By Friday afternoon, dozens of Iraqi police and national guardsmen surrounded the shrine compound — many kissing its doors and weeping — as the government began to re-establish control over the Old City of Najaf. Some residents of the devastated neighborhood waved to them and yelled out, “Welcome. Welcome.”

U.S. forces still maintained their positions around the holy site, with tanks about 300 yards from the shrine and jet fighters flying overhead, but the fierce clashes of previous days had ended and most of the battered city had fallen calm.

“Today, the Najafis can sleep well,” Hamed al-Khafaf, an aide to Grand Ayatollah Ali al-Sistani, told Al-Arabiya television.

Dozens of the militants loyal to Muqtada al-Sadr piled their Kalashnikov rifles in front of the firebrand cleric’s office here, but thousands of others were believed to be still armed, and some were seen pushing carts full of machine-guns and rocket launchers through a narrow alley.

The peace plan, presented by al-Sistani on Thursday and accepted by the government and al-Sadr, calls for the cities of Najaf and Kufa to be declared weapons-free, for all foreign forces to withdraw from Najaf and leave police in charge of security and for the government to compensate those harmed by the fighting.

The plan allowed al-Sistani, the most revered Shiite cleric in Iraq, to exercise his considerable authority and prove that he could succeed where other peace emissaries had failed. It gave the interim government control of the city, disentangled U.S. forces from the persistent violence here and let al-Sadr and his militants walk away free.

But it also allowed al-Sadr to keep his militia, which fought with U.S. forces here in the spring and could take up arms again.

A U.S. defense official, speaking on the condition of anonymity, said the U.S. military was wary of any agreements in Najaf because al-Sadr’s militia had used previous breaks in fighting to regroup and rearm.

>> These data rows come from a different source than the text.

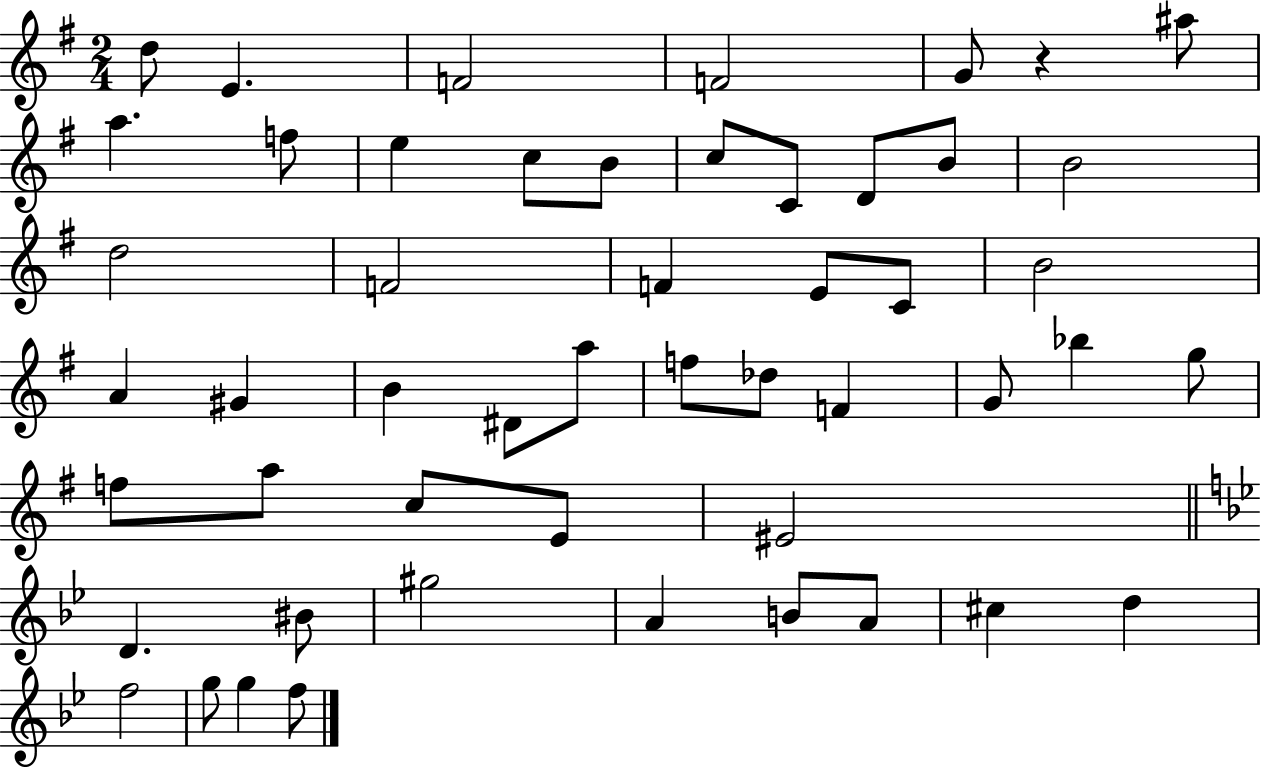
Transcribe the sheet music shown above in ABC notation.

X:1
T:Untitled
M:2/4
L:1/4
K:G
d/2 E F2 F2 G/2 z ^a/2 a f/2 e c/2 B/2 c/2 C/2 D/2 B/2 B2 d2 F2 F E/2 C/2 B2 A ^G B ^D/2 a/2 f/2 _d/2 F G/2 _b g/2 f/2 a/2 c/2 E/2 ^E2 D ^B/2 ^g2 A B/2 A/2 ^c d f2 g/2 g f/2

Civilians welcome Iraqi police making their way through the streets of the southern Iraqi city of Najaf. Guns were largely silent in Najaf on Friday for the first time in weeks, after Iraq's top Shiite cleric made a dramatic return to this holy city and swiftly won agreement from a rebel cleric and the government to end three weeks of fighting between his militia and U.S.-Iraqi forces.

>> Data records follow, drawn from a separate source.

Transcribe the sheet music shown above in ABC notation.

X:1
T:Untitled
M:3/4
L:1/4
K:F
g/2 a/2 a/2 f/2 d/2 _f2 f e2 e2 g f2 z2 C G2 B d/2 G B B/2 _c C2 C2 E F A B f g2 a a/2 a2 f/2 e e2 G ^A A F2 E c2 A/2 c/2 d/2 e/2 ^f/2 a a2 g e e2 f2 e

But the White House welcomed the agreement, though it cautioned that the administration was not aware of all the details.

“We welcome these steps to resolve the situation surrounding the shrine of Ali without further violence and we support the efforts of the Iraqi government to make sure that the rule of law applies throughout the country,” White House spokesman Scott McClellan said.

The crisis appeared resolved Friday morning when al-Sadr issued a statement broadcast over the shrine’s loudspeakers ordering his Mahdi Army militia fighters to lay down their arms and leave Najaf and Kufa.

“To all my brothers in the Mahdi Army … you should leave Kufa and Najaf without your weapons, along with the peaceful masses,” his statement said.

The doors of the shrine were shut and the keys were handed over to al-Sistani’s office, a symbolic and crucial step in ending the crisis.